▶ Work to be completed: Search each line below for the word "while" and list those that contain it.

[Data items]

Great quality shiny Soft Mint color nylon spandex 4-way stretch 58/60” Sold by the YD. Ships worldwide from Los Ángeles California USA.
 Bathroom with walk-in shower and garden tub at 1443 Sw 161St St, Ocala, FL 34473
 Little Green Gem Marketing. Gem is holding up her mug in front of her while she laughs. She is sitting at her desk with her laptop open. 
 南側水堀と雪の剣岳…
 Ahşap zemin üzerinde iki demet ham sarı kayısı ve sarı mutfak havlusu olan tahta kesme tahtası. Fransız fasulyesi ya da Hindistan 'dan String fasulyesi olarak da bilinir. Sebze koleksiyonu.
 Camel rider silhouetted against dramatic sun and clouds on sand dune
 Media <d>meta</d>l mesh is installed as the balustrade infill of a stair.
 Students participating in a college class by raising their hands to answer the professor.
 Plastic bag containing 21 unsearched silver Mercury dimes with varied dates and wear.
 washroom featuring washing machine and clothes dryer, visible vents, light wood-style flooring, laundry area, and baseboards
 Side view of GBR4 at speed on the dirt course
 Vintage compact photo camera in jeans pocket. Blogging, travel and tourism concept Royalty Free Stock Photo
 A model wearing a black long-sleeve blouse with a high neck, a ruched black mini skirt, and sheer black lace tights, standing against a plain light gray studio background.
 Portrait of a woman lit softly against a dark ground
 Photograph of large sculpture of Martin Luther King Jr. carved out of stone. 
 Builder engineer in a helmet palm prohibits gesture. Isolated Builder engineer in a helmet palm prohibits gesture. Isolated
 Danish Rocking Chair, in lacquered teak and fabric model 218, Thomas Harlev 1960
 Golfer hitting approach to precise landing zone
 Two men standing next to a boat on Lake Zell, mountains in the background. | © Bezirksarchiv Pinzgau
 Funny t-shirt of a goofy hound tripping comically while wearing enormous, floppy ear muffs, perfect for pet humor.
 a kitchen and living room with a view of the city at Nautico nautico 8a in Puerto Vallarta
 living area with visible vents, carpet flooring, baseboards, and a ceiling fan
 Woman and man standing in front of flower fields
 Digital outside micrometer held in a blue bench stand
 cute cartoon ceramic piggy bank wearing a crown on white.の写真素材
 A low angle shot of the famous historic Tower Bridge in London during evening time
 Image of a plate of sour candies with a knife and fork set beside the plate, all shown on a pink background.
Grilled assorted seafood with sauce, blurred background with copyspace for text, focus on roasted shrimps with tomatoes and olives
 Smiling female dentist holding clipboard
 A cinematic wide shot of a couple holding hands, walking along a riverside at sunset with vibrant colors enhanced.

▶ Answer below:
 Little Green Gem Marketing. Gem is holding up her mug in front of her while she laughs. She is sitting at her desk with her laptop open. 
 Funny t-shirt of a goofy hound tripping comically while wearing enormous, floppy ear muffs, perfect for pet humor.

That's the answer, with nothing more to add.